Write out, word for word and with no pictures, each line below from the one containing "صبغ كاونتر و مرمر مطابخ" through the one containing "Rare amulet B.E.2465", both included, and no other line.

Web page caption snippets
§ §

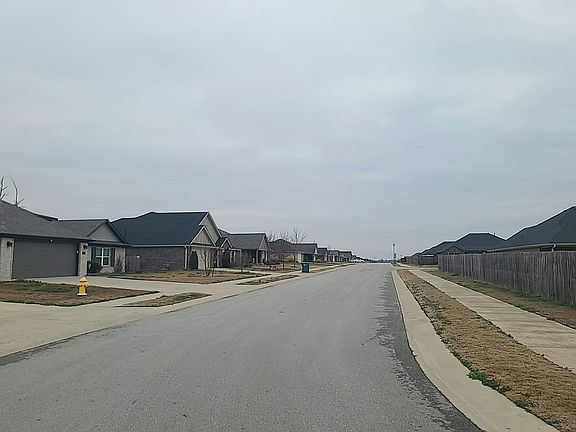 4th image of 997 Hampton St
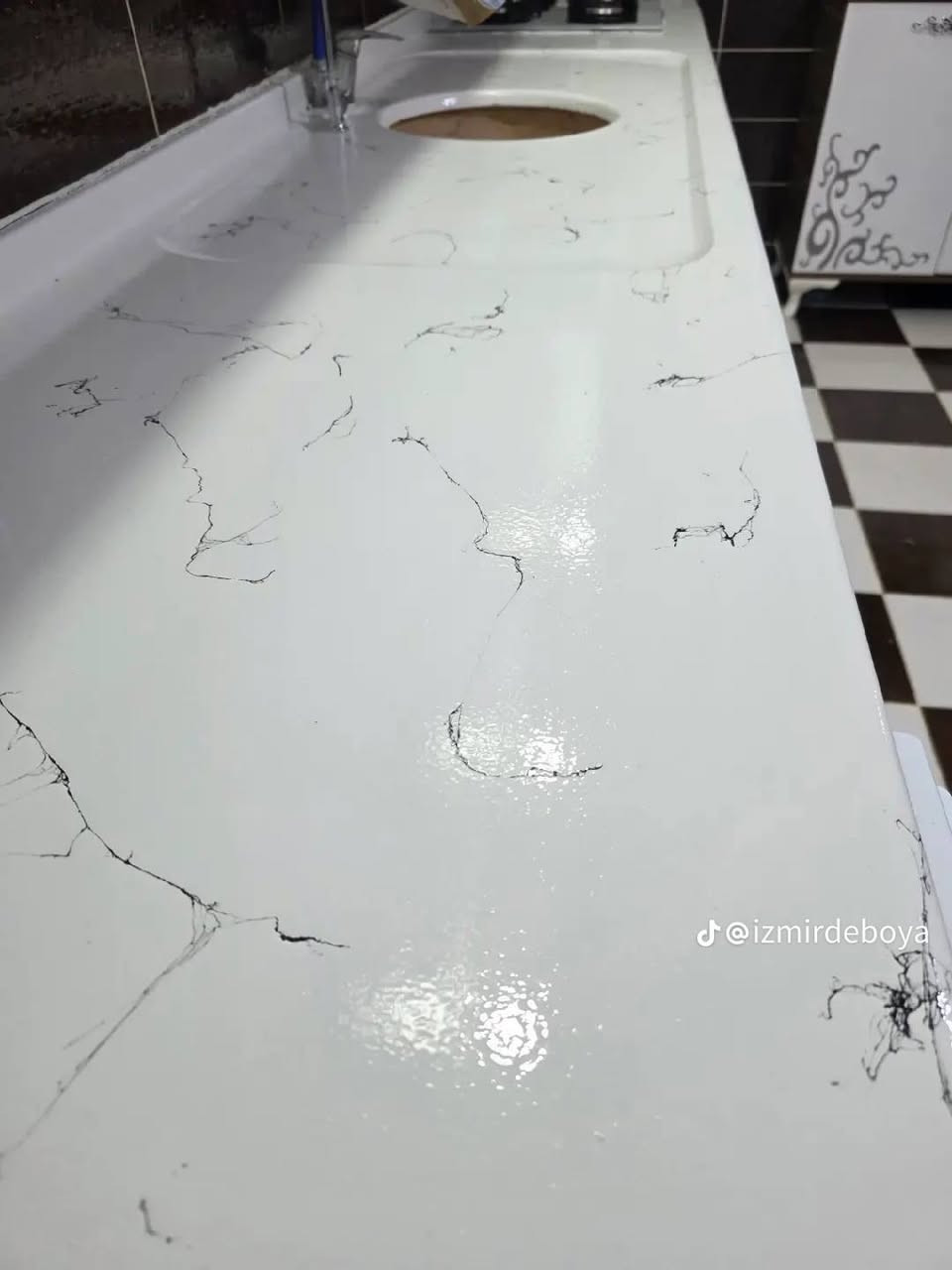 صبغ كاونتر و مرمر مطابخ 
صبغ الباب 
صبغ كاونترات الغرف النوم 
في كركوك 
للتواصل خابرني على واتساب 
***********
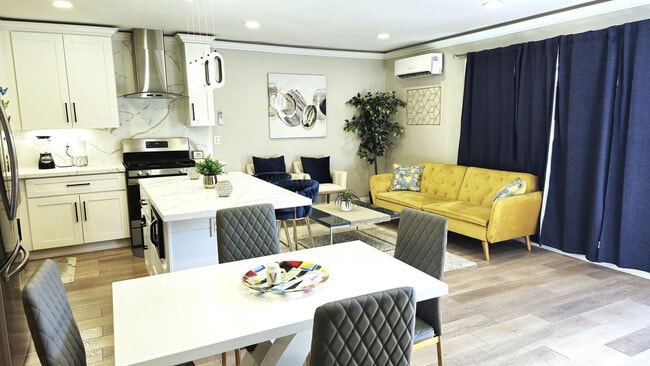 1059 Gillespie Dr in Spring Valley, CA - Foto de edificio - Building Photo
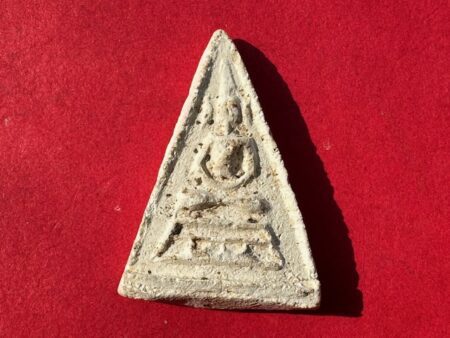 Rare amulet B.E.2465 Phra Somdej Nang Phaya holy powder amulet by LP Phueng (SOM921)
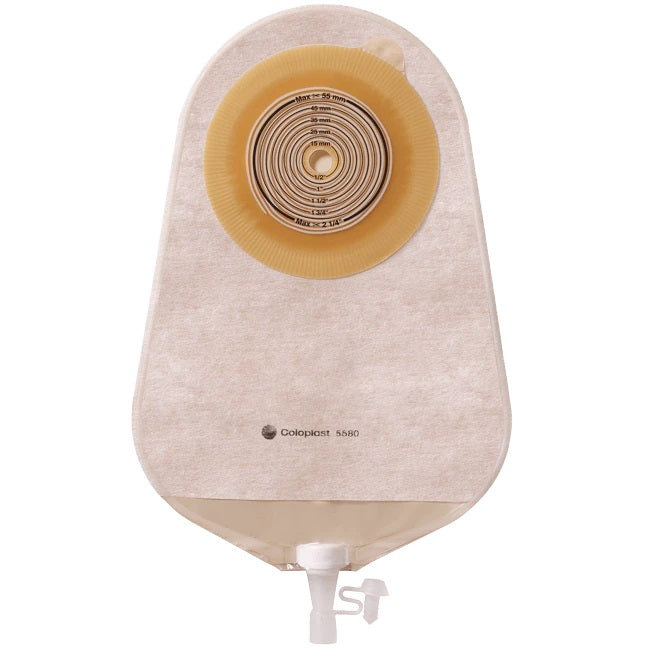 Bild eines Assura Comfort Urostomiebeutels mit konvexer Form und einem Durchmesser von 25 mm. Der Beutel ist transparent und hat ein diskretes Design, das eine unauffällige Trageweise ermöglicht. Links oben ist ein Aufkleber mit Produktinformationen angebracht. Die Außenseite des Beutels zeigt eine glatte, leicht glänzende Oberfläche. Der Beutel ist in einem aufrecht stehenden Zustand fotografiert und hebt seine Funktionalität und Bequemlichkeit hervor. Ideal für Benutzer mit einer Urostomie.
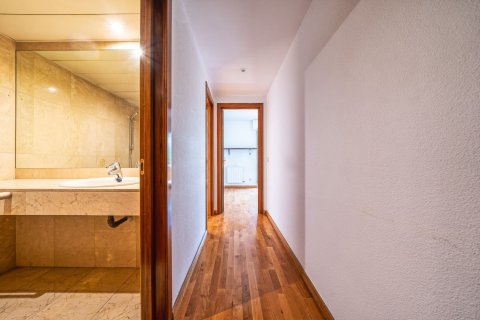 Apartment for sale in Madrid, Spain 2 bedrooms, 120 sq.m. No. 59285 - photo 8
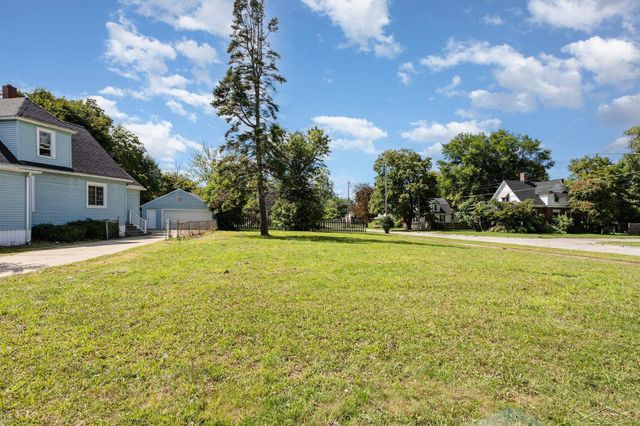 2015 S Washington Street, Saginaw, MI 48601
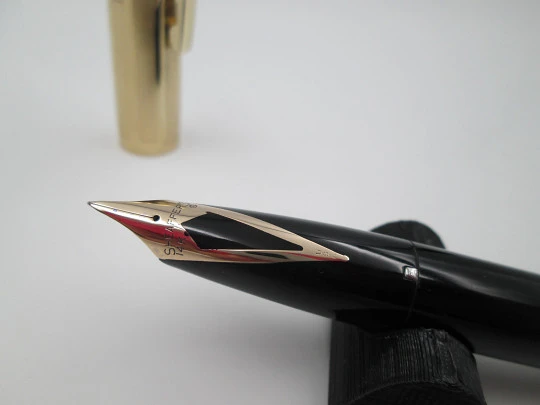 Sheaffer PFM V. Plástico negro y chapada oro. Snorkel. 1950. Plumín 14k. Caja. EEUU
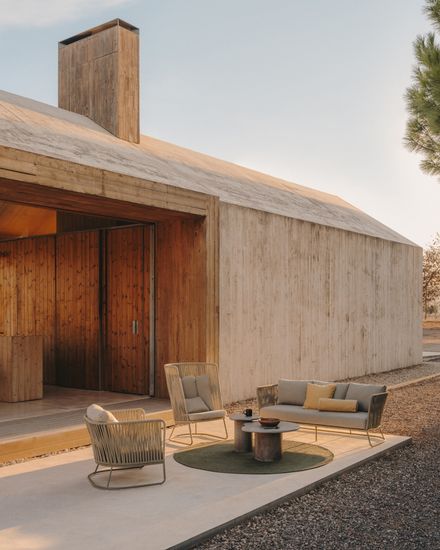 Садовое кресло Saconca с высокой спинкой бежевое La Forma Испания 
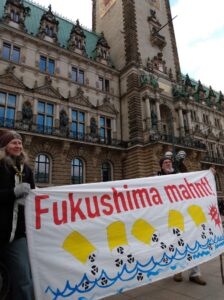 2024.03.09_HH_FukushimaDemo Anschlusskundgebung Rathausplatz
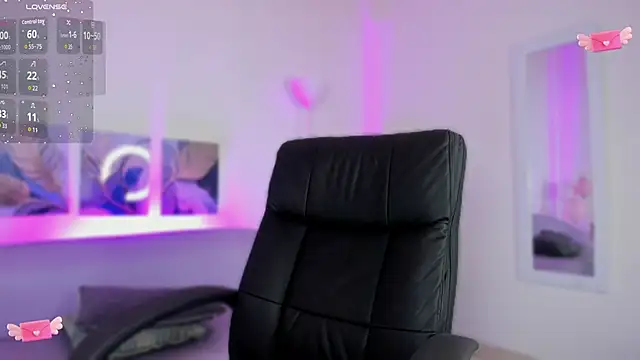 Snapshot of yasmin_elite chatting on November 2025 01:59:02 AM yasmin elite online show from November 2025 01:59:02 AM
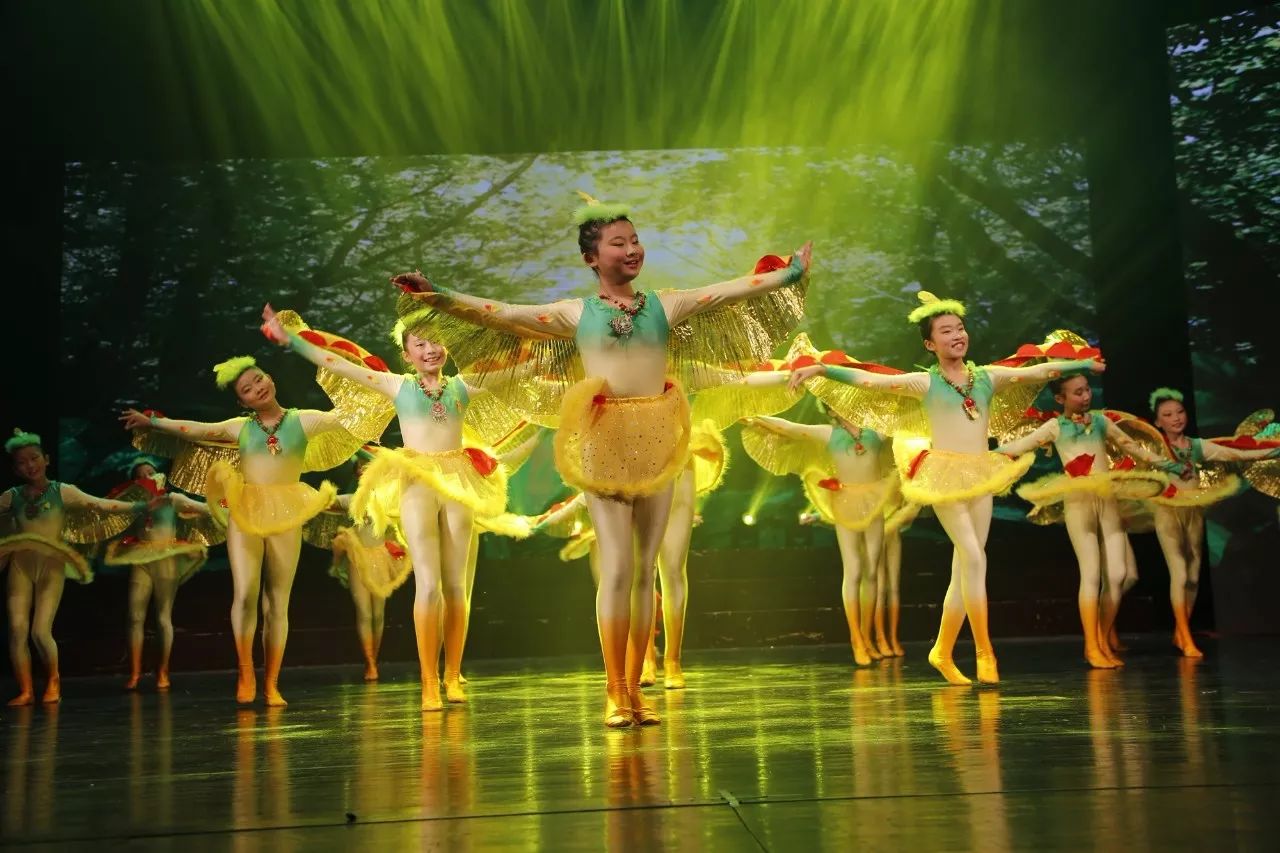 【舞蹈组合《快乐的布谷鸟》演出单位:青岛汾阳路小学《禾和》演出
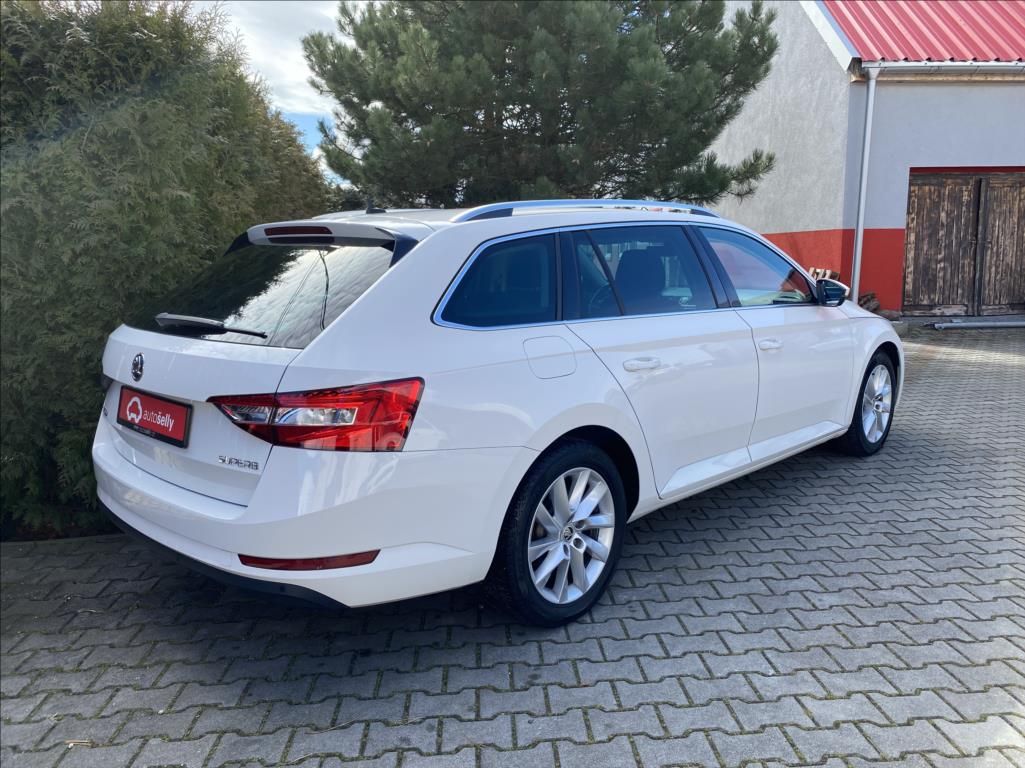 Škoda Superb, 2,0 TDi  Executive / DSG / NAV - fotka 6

§ §

# [Written solution]
 صبغ كاونتر و مرمر مطابخ 
صبغ الباب 
صبغ كاونترات الغرف النوم 
في كركوك 
للتواصل خابرني على واتساب 
***********
 1059 Gillespie Dr in Spring Valley, CA - Foto de edificio - Building Photo
 Rare amulet B.E.2465 Phra Somdej Nang Phaya holy powder amulet by LP Phueng (SOM921)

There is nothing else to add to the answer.